What you will learn:


*   How to manipulate Datasets with Pandas
*   What is Tensorflow and how to use it
*   How to create Neural Networks for Regression and Classification Tasks



# Pandas (Dataset Manipulation)

"*pandas is a fast, powerful, flexible and easy to use open source data analysis and manipulation tool, built on top of the Python programming language.*"

[Panda's Official Documentation](https://pandas.pydata.org)

-----

Pandas is a powerful library used to manipulate and analyze data. This library imitates R's philosophy and Sintax (both are very similar!)

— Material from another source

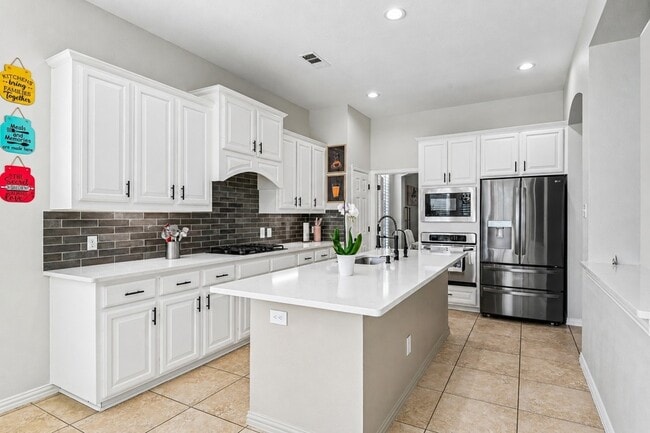 Building Photo - 837 Moss Cliff Cir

Pandas is powerful at **manipulating structured data**, so keep in mind this library will shine with table-looking shaped datasets.
In few lines, you can do a lot of stuff!

Advantages:
* Provides efficient and optimized ways to manipulate data
* Supports multiple file formats
* Can easily merge, divide, join, filter and other type of operations in a similar fashion to SQL!

Limitaitons:
* Can only deal with structured data

Recommended Resources:
* [Official Documentation](https://pandas.pydata.org/docs/)
* [Geeksforgeeks](https://www.geeksforgeeks.org/pandas-tutorial/)
* [w3Schools](https://www.w3schools.com/python/pandas/default.asp)


## Loading Dataset

In [1]:
'''
All the information regarding the dataset used for this demo can be found in the following link:
https://archive.ics.uci.edu/ml/datasets/Computer+Hardware
'''

# Getting Dataset
!wget https://archive.ics.uci.edu/ml/machine-learning-databases/cpu-performance/machine.data

--2026-02-06 00:40:26--  https://archive.ics.uci.edu/ml/machine-learning-databases/cpu-performance/machine.data
Resolving archive.ics.uci.edu (archive.ics.uci.edu)... 128.195.10.252
Connecting to archive.ics.uci.edu (archive.ics.uci.edu)|128.195.10.252|:443... connected.
HTTP request sent, awaiting response... 200 OK
Length: unspecified
Saving to: ‘machine.data’

machine.data            [ <=>                ]   8.52K  --.-KB/s    in 0s      

2026-02-06 00:40:26 (110 MB/s) - ‘machine.data’ saved [8726]



In [2]:
# For dataset manipulation
import pandas as pd

# Loading Dataset and have a glimpse about it
column_names = ['Vendor','Model','MYCT','MMIN','MMAX',
                'CACH', 'CHMIN', 'CHMAX', 'PRP', 'ERP']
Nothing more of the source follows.